According to Wind Trading Desk, on January 29, Morgan Stanley's Brian Nowak analysis team sharply raised Meta's target price from $750 to $825 in their report, implying about 15% upside from the current level.

Morgan Stanley's report not only raised 2027 earnings per share (EPS) expectations by 10%, but also made the prediction: Meta's advertising revenue is expected to surpass Google Search for the first time in Q2 2026, ending Google's long-term dominance in the digital advertising space.

The confidence behind all this comes from Mark Zuckerberg sending clear signals to investors on the conference call: Meta is using large models to completely rewrite its recommendation system, and he considers the current system still "primitive". Morgan Stanley believes that if the current system is still primitive, long-term opportunities and improvements are likely to bring even more growth.

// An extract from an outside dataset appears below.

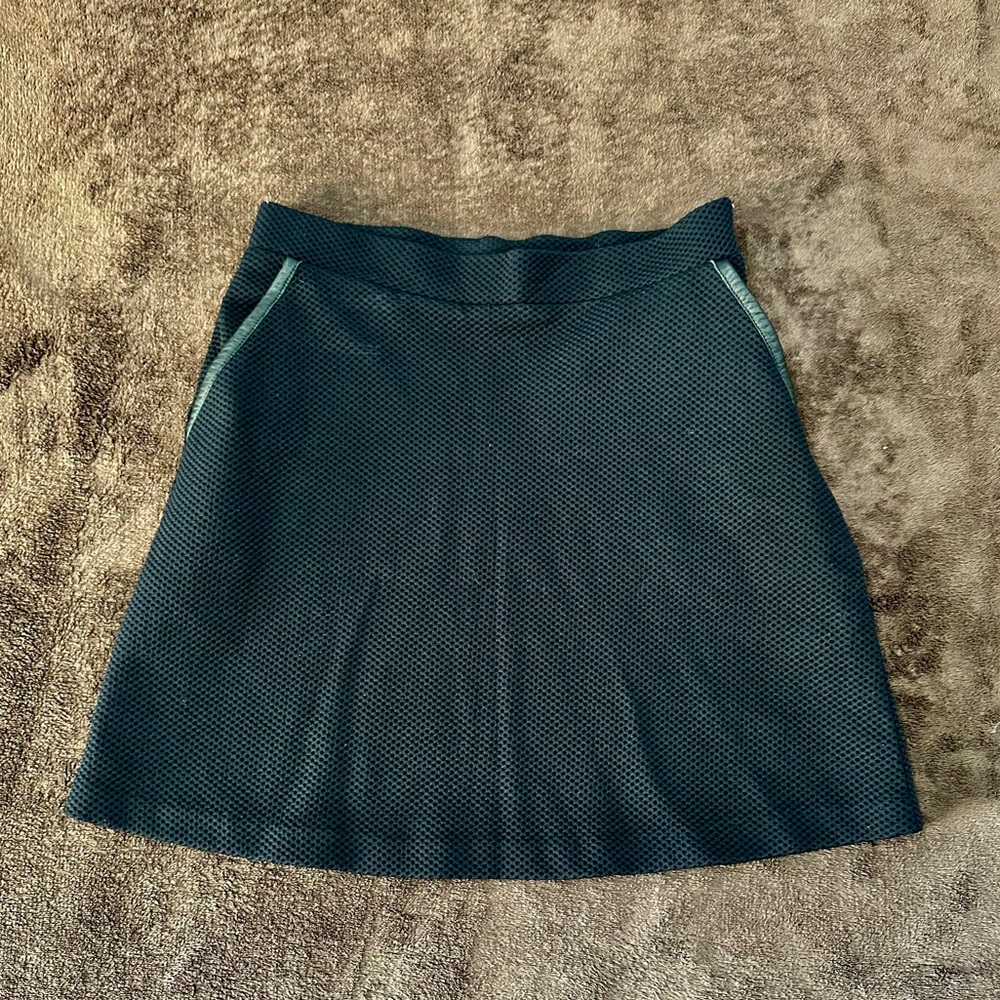 Twenty Montreal Women's  Black Mini Skirt Sz XS Revolve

They expect further improvements for Meta in personalization (as META is able to analyze more data more efficiently), agent services (such as MetaAI), new creative/media services for users/advertisers, wearable devices, etc. This is not just a tech upgrade, but a generational leap from “traffic monetization” to the infrastructure for "personal superintelligence."

Historic Moment: Meta’s Ad Revenue Will Surpass Google Search in Q2

The most striking forecast in the research report is the comparison between the two giants' ad businesses. Morgan Stanley points out that although Google is also accelerating its execution, the engagement and monetization driven by AI at Meta is even more stunning. For reference, they note that when Google's search business hit $57 billion in quarterly revenue, its annual growth rate was 15%; when Meta reached the same scale, its growth rate was as much as 34%-35%.

Based on Morgan Stanley’s current modeling, Meta’s quarterly advertising revenue will officially surpass Google Search’s ad revenue in Q2 2026, and the gap will widen further thereafter. This forecast not only marks an enhancement of Meta's dominance in the ad market but also demonstrates the absolute superiority of its AI-driven recommendation algorithms in capturing user attention and advertiser budgets.

Zuckerberg’s “Versailles moment”: Recommendation Systems Are Being Rewritten by Large Models; Current Systems Still “Primitive”

On the call, Zuckerberg’s remarks provided the technical underpinning for Morgan Stanley’s bullish view. He said that while Meta’s world-class recommendation system has already driven Instagram Reels viewing time up over 30% year-on-year in the US, the current system is still very “primitive” compared to the technological changes to come.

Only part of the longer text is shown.